= Jules Flammermont =

French historian

Jules Gustave Flammermont (5 February 1852, in Chaumont-en-Vexin - 29 July 1899, in Lille) was a French historian, largely known for his writings on history of the 18th century.

He studied at the École pratique des Hautes Études and École des Chartes in Paris, receiving his diploma as an archivist-palaeographer in 1878. He worked as a librarian and archivist in the town of Senlis, and afterwards served as secretary to the Duke of Aumale at the Château de Chantilly. In 1883/84 he conducted archival research in Vienna and Berlin, and in 1884 received his doctorate of letters at the Sorbonne. He successively taught classes in history at the universities of Poitiers (from 1884), Douai (from 1886) and Lille (from 1887).
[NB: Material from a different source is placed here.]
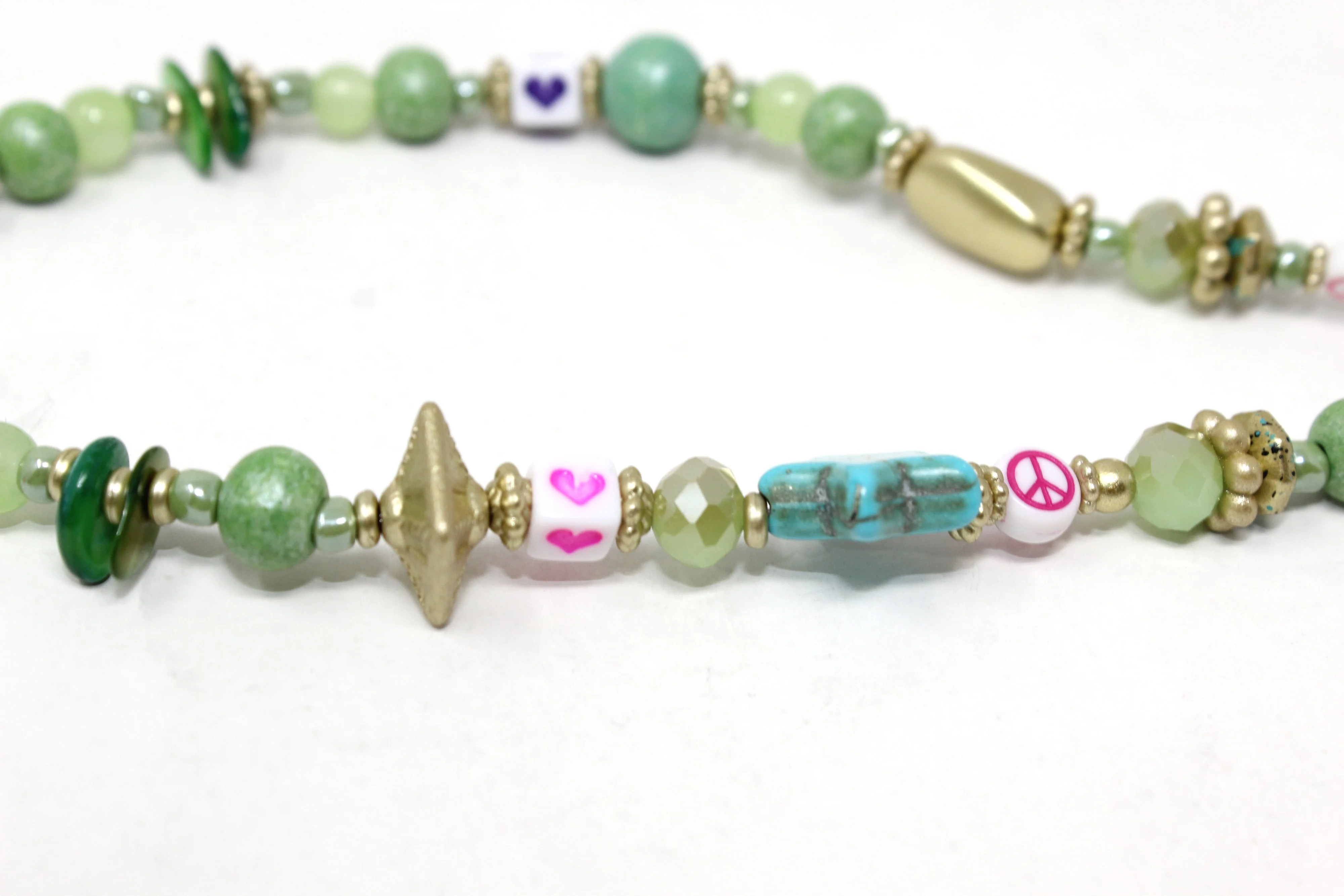 Multicoloured bead phone charm - Image 4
In 1887 he received the title of professor of history and geography of antiquity and the Middle Ages.

== Selected works ==
- Notice sur l'histoire de Senlis au moyen âge, 1877 - On the medieval history of Senlis.
- Histoire de Senlis pendant la second partie de la guerre de cent ans (1405-1441), 1879 - History of Senlis during the second part of the Hundred Years War, (1405–1441).
- Le chancelier Maupeou et les Parlements, 1885 - The chancellor Maupeou and parlements.
- Négociations secrètes de Louis XVI et du baron de Breteuil avec la cour de Berlin, 1885 - Secret negotiations of Louis XVI and the Baron de Breteuil with the Court of Berlin.
- Les jésuites et les parlements au XVIIIe siècle : conférence faite á Poitiers le 7 février 1885 á la Ligue de l'enseignement, 1885 - The Jesuits and parliaments in the eighteenth century.
- Études critiques sur les sources de l'histoire du XVIIIe siècle, I. Les Mémoires de Mme Campan, 1886 - Critical studies on historical sources of the eighteenth century; the memoirs of Jeanne-Louise-Henriette Campan.
- De l'authenticité des mémoires de Talleyrand, 1892 - The authenticity of the memoirs of Talleyrand.
- Album paléographique du Nord de la France; chartes et documents historiques reproduits, 1896 - Palaeographic album of Nord.
- Les portraits de Marie-Antoinette / extrait de la gazette des beaux-arts, 1897 - Portraits of Marie Antoinette; extract from the Gazette of Fine Arts.
- Remontrances du Parlement de Paris au XVIIIe siècle (3 volumes, 1888–98) - Remonstrances of the Parlement of Paris in the eighteenth century.